# [What to work on]
What you give back should be exactly the lines from the one with "Новый натуральный Labubu" through the final line of the material, pictures removed; please add nothing.
────────────────
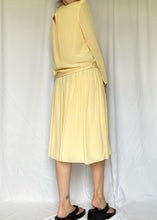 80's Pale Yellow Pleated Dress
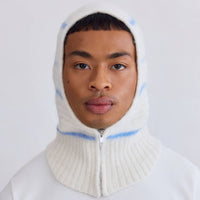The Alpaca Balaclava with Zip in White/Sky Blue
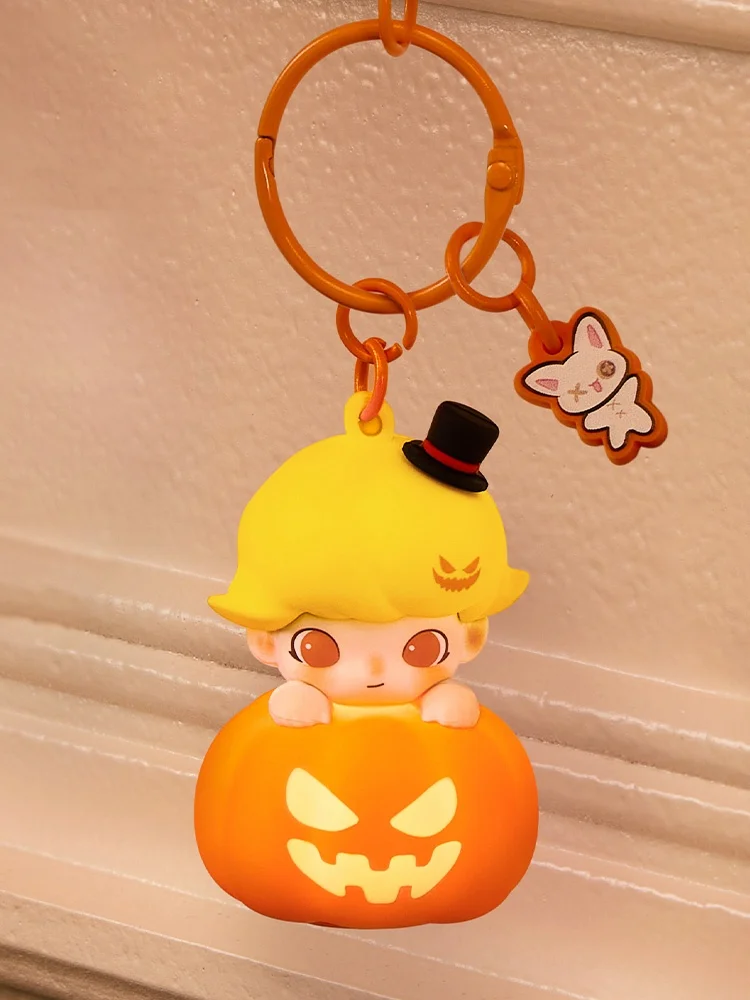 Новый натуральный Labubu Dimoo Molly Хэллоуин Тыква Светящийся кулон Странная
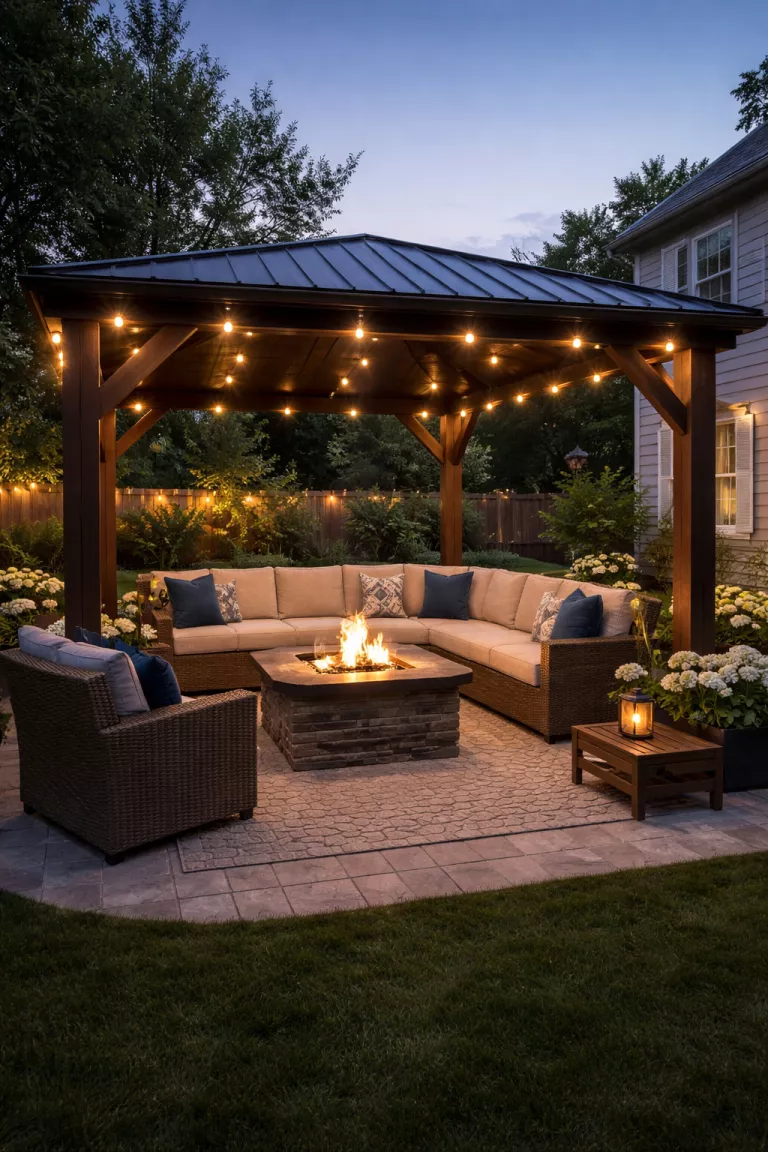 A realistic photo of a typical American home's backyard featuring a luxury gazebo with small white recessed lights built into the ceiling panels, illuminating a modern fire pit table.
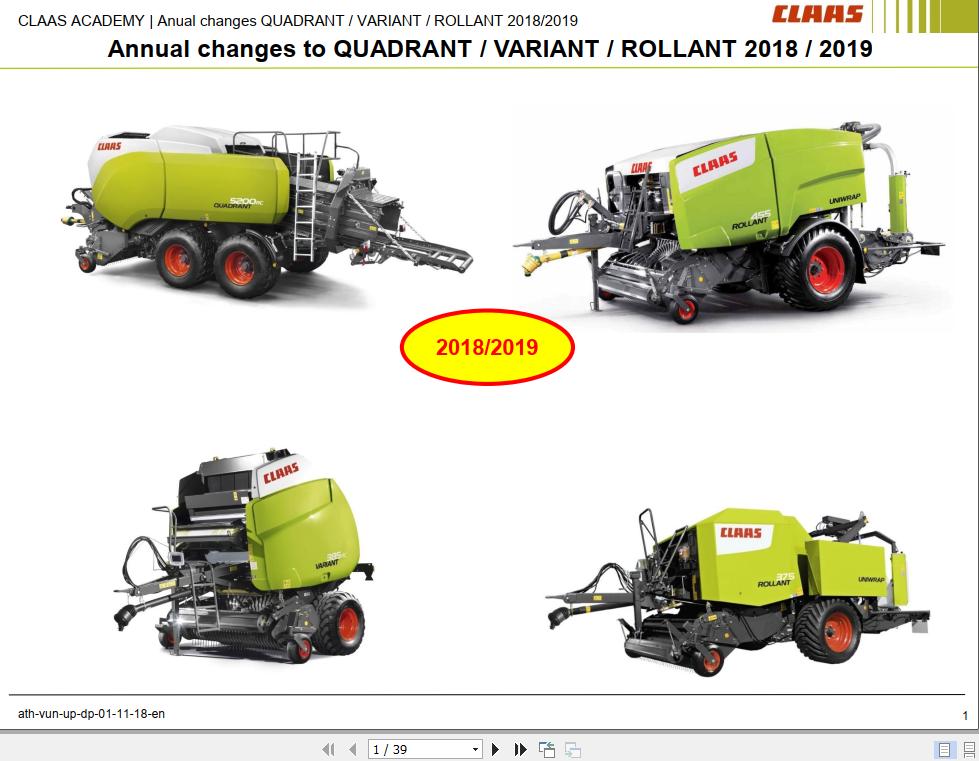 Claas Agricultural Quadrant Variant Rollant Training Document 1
────────────────
# [Written solution]
 Новый натуральный Labubu Dimoo Molly Хэллоуин Тыква Светящийся кулон Странная
 A realistic photo of a typical American home's backyard featuring a luxury gazebo with small white recessed lights built into the ceiling panels, illuminating a modern fire pit table.
 Claas Agricultural Quadrant Variant Rollant Training Document 1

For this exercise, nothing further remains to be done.